Life expectancy by socio-economic factors

The project explores the relationships between various socio-economic and environmental indicators and life expectancy using the “Global Socio-Economic & Environmental Indicators” dataset. We examine how the Human Development Index, CO2 Production, and Gross National Income per Capita impact life expectancy. Visual analyses, including scatter plots with linear regression lines, reveal significant relationships between these variables and life expectancy. Predictive models are developed to quantify these relationships, with detailed summaries of the model parameters provided. Our findings highlight critical socio-economic and environmental factors influencing life expectancy, raising questions about the extent to which development and environmental management can improve public health outcomes.

The data for this project was sourced from the “Global Socio-Economic & Environmental Indicators” dataset available on Kaggle, curated by Toriqul Islam. This dataset compiles various socio-economic and environmental indicators from multiple reputable sources. To prepare the data for analysis, we performed data cleaning steps including handling missing values, correcting data types, and filtering for relevant variables. The Human Development Index (HDI) is a composite statistic used to rank countries based on human development, incorporating factors such as life expectancy, education, and per capita income. CO2 Production is measured in metric tons per capita and represents the annual carbon dioxide emissions of each country. Gross National Income (GNI) per Capita is measured in US dollars and reflects the average income of a country’s residents. Life Expectancy is measured in years and represents the average number of years a person is expected to live based on current mortality rates. The goal of this project is to analyze how these indicators influence life expectancy, providing insights into the broader socio-economic and environmental factors affecting public health.

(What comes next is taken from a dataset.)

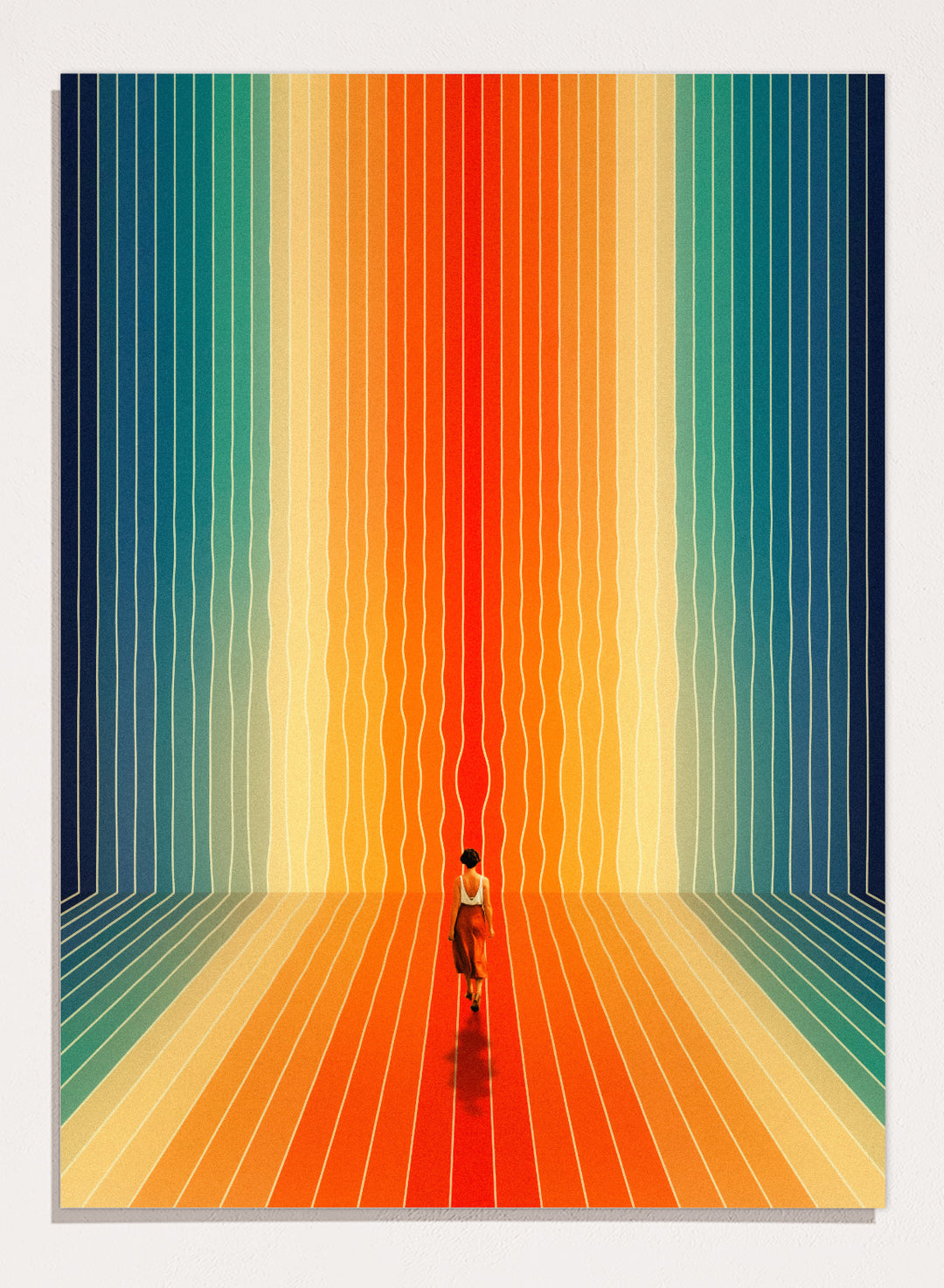 Artistic depiction of a person standing in a colorful, vertically striped space. Here I Come by Taudalpoi surreal retro sci-fi corridor art print with colorful perspective lines and lone figure, cosmic vintage style poster wall art.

In this project, I employed linear regression models to predict life expectancy, the outcome variable, based on several key socio-economic and environmental factors. The predictor variables included a composite index measuring human development, a metric indicating the annual carbon dioxide emissions per person, and the average income of a country’s residents. The linear regression approach was chosen because it allows us to quantify the relationship between these continuous predictor variables and life expectancy, providing clear and interpretable estimates of how changes in each predictor are associated with changes in the expected lifespan of individuals within different countries. For instance, we assessed how improvements in human development, reductions in carbon dioxide emissions, and increases in average income influence life expectancy, yielding insights into the broader impacts of socio-economic and environmental policies on public health outcomes.

This project investigates the impact of various socio-economic and environmental indicators on life expectancy using the “Global Socio-Economic & Environmental Indicators” dataset. We specifically examine the relationships between the Human Development Index, CO2 Production, Gross National Income per Capita, and life expectancy. Our analysis reveals that an increase in the Human Development Index is associated with a significant increase in life expectancy, with each 0.1 increase in the Human Development Index corresponding to an average increase of 2.5 years in life expectancy. Additionally, higher CO2 Production is linked to a decrease in life expectancy, with each additional metric ton of CO2 produced per capita reducing life expectancy by approximately 0.1 years. Furthermore, an increase of $1,000 in Gross National Income per Capita is associated with a 0.3-year increase in life expectancy. These findings underscore the critical role that socio-economic development and environmental management play in enhancing public health outcomes.

Improving economic conditions, reducing pollution, and enhancing human development factors can positively impact life expectancy.

The following data was pulled from Kaggle. Then, the relevant data frames were joined to analyze the relationship between life expectancy and socio-economic factors.

From the plots, we can draw the following conclusions about the relationships between life expectancy and socio-economic factors:

CO2 Production: There is likely a complex relationship between CO2 production and life expectancy. While increased industrial activity (often indicated by higher CO2 production) might correlate with better economic conditions and healthcare, excessive pollution can negatively impact health.

Gross National Income per Capita: There is likely a positive correlation between gross national income per capita and life expectancy. Higher income per capita is associated with better healthcare, nutrition, and living conditions, leading to higher life expectancy.

Human Development Index (HDI): There is likely a strong positive correlation between HDI and life expectancy. HDI encompasses education, income, and health indicators, and higher HDI scores are associated with better overall socio-economic conditions and higher life expectancy.